The Torah is the holiest of books in the Jewish religion. The Torah is the first 5 books of the Bible – in English – Genesis, Exodus, Numbers, Leviticus, Deuteronomy…in Hebrew the names flow more easily, have more meaning. They are – Bereshit, Bamidbar, Shmot, Vayikra, Devarim.
The Jews and the Torah have a very unique and ancient history. The Torah is a gift that God gave to us thousands of years ago. It is something we as a people cherish. We stand when the Torah is taken from its resting place in the synagogue. We kiss it as it passes us. We stand as it is walked to a center table where it is read aloud, three times a a week and on holidays. We stand in respect, and in love – always in love.

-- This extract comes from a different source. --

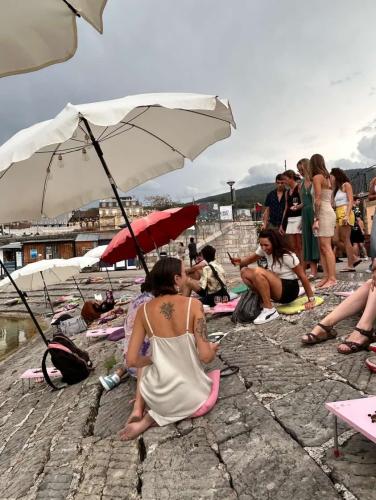 Foule au Cabanon du Naturiste (port de Neuchâtel) pour le vernissage du numéro Paradis perdu, août 2023.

On Simchat Torah – a holiday that translates as the “Happiness of the Torah” – we celebrate having successfully read the entire Torah over the space of a year. We dance with the Torah and sing. We gather our children and bless them before it – and then, having finally finished the very last word (which is the word “Israel”), we immediately start reading it again so that not a day goes by without there being more we have to read.
On this Simchat Torah, I sat with my mother and watched the men circling and dancing below. And I pointed to one Torah, smaller than the others and started to tell my mother its story. Unsure of some details, I turned to the women behind me and asked them to again tell me about it. These are the daughter-in-law and her sister of the man who owns the Torah, who saved it and brought it to my synagogue.
On November 9, 1933, the Nazis went on a rampage and burned synagogues, Torahs and holy books throughout Germany. They beat and murdered Jews – it was a national celebration of hatred that would herald more than a decade of agony and anti-semitism and culminate in the murders of more than 6 million Jews. It was called the Night of the Broken Glass – Kristallnacht – for all the broken windows and destruction. It should have been a signal to the world, had they only listened and in the deafening silence that resulted, it was a signal back to Hitler. Go ahead – murder your Jews, burn their holy Torah scrolls. Go ahead…and they did.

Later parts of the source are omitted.